А теперь, дамы и господа, мы имеем огромную честь и удовольствие… И она возникала на жутком фоне из пальм и национальных флагов, и облизывала бледным языком обильно накрашенные губы, и возлагала лайковые ладони на стянутый корсетом живот, а тем временем ее постоянный аккомпаниатор, мраморноликий Иосиф Левинский, забредавший в тени ее пения и в личный концертный зал царя, и в салон товарища Луначарского, и в неописуемые константинопольские заведения, проигрывал короткую вступительную фразу, несколько нотных камушков, брошенных в виде мостика поперек ручья.

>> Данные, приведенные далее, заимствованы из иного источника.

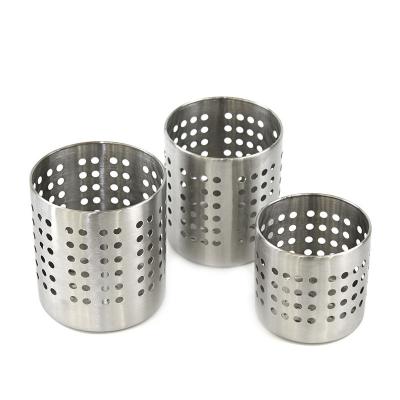 China Stainless steel utensil stand holder, kitchen utensil drying cylinder, utility for kitchen/home/office, for sale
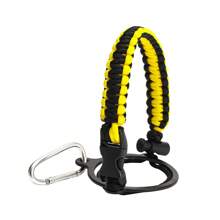 1pc Outdoor Parachute Cord Handmade Braided Cup Handle, Cup Sleeve, Durable Water Bottle Carrier For Outdoor Activities - Supports Up To 64oz
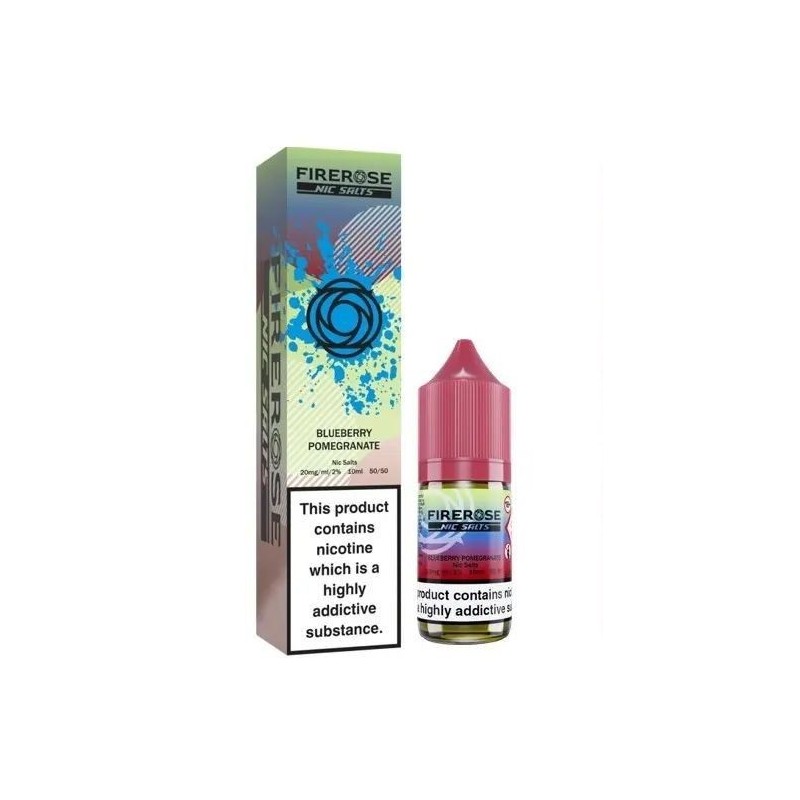 Liquid FireRose 5000 Sels de Nicotine 10ml 20mg Myrtille Grenade | DoctorVape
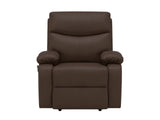 Giselle PU Leather Recliner Chair - Brown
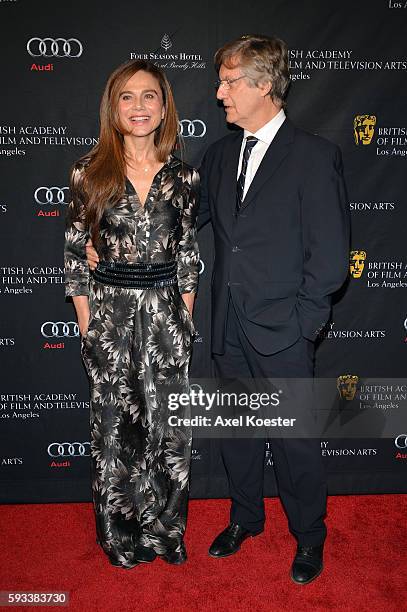 Lena Olin arrives at the British Academy of Film and Television Arts Los Angeles Annual Awards Season Tea Party held at The Four Seasons Hotel in...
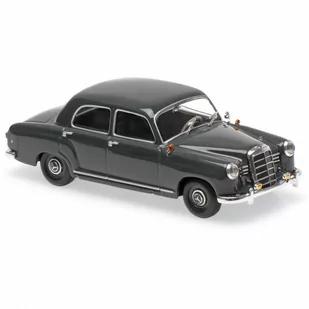 Minichamps Mercedes-Benz 180 (W120) 1955 (grey) GXP-599241 - Kolekcjonerskie modele pojazdów - miniaturka - grafika 1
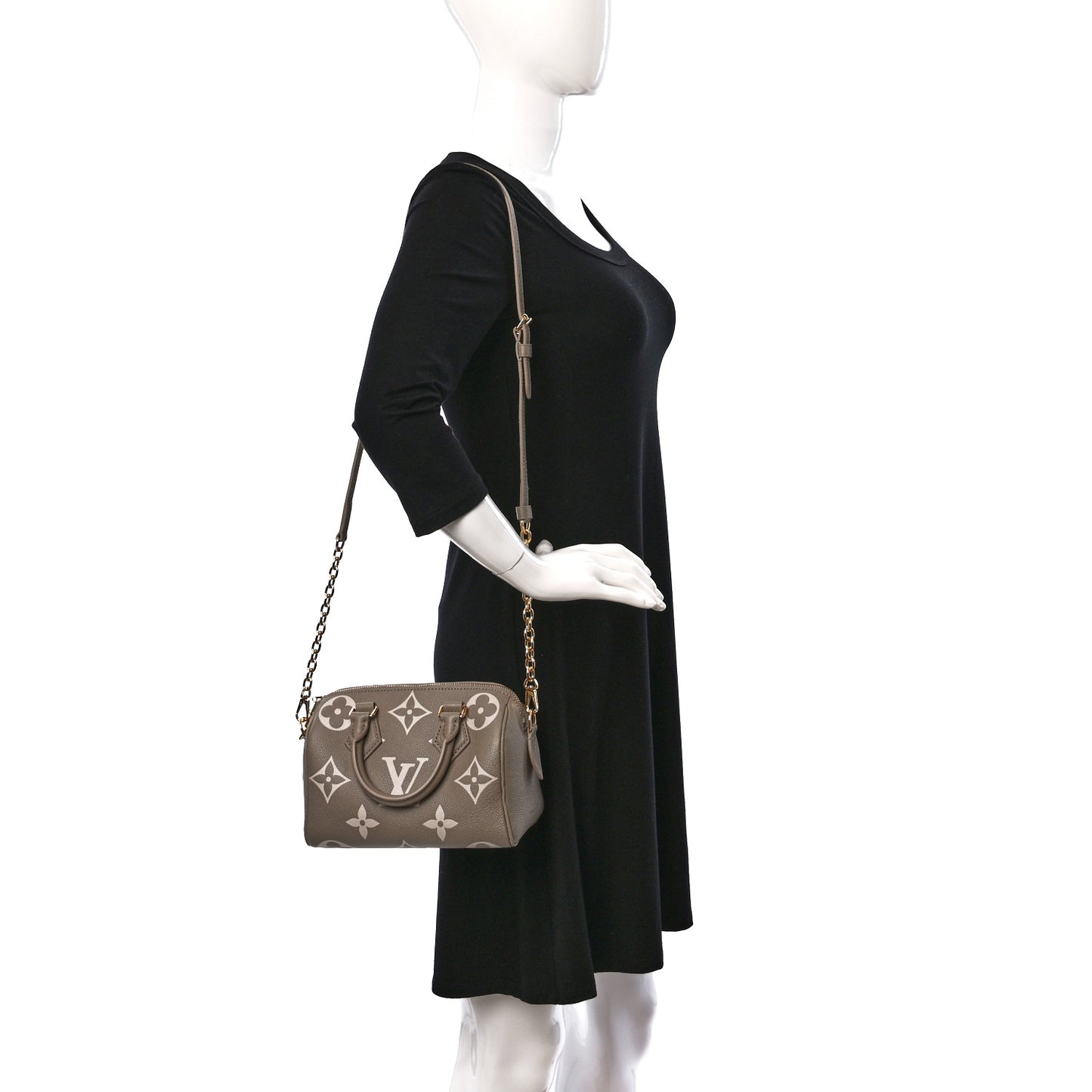Empreinte Monogram Giant Speedy Bandouliere 20 Creme Beige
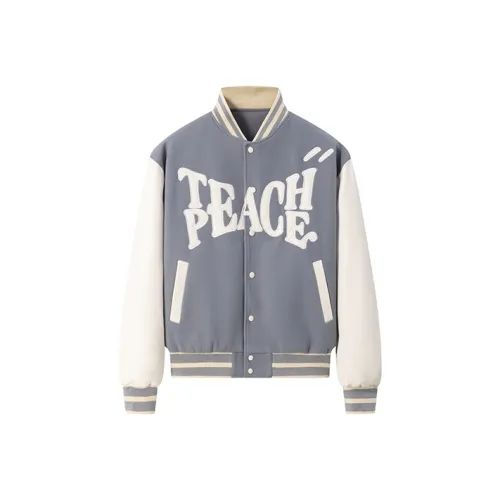 Teach Peace Baseball Jacket Unisex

Иногда, в определенного толка домах, она начинала с исполнения национального гимна, а там уж переходила к бедноватому, но с неизменным восторгом принимаемому репертуару. За гимном неизменно следовала «Старая калужская дорога» (с разбитой молнией сосной на сорок девятой вирше), а затем песня, начинавшаяся — в немецком переводе, отпечатанном пониже русского текста, — словами «Du bist im Schnee begraben, mein Russland»[1], и старинная народная (сочиненная в восьмидесятых частным лицом) — про разбойничьего атамана и его персидскую красавицу-княжну, которую он, обвиненный товарищами в мягкотелости, выкинул в Волгу.
Вкус у нее был никакой, техника беспорядочная, общий тон ужасающий; и все же люди, для которых музыка и сентиментальность — одно, или те, кто желал, чтобы песни доносили дух обстоятельств, в которых они их когда-то впервые услышали, благодарно отыскивали в могучих звуках ее голоса и ностальгическое утоление, и патриотический порыв. Считалось, что она особенно трогает душу, когда звучит в ее пении нота буйного безрассудства. Кабы не вопиющая фальшь этих порывов, они еще могли бы спасти ее от законченной пошлости. Но то мелкое и жесткое, что заменяло Славской душу, лезло из ее пения наружу, и наивысшим достижением ее темперамента, — был водокрут, но никак не вольный поток. Когда теперь в каком-нибудь русском доме заводят граммофон, и слышится ее законсервированное контральто, я с некоторым содроганием вспоминаю эту мишурную имитацию вокального апофеоза: последний страстный вопль обнаруживал всю анатомию рта, красиво веяли иссиня-черные волосы, скрещенные руки притискивали к груди увитую в ленты медаль, — она благодарила за оргию оваций, и ее широкое, смуглое тело оставалось скованным, даже когда она кланялась, втиснутое в тугой серебристый атлас, придававший ей сходство не то со снежной бабой, не то с почетной ундиной.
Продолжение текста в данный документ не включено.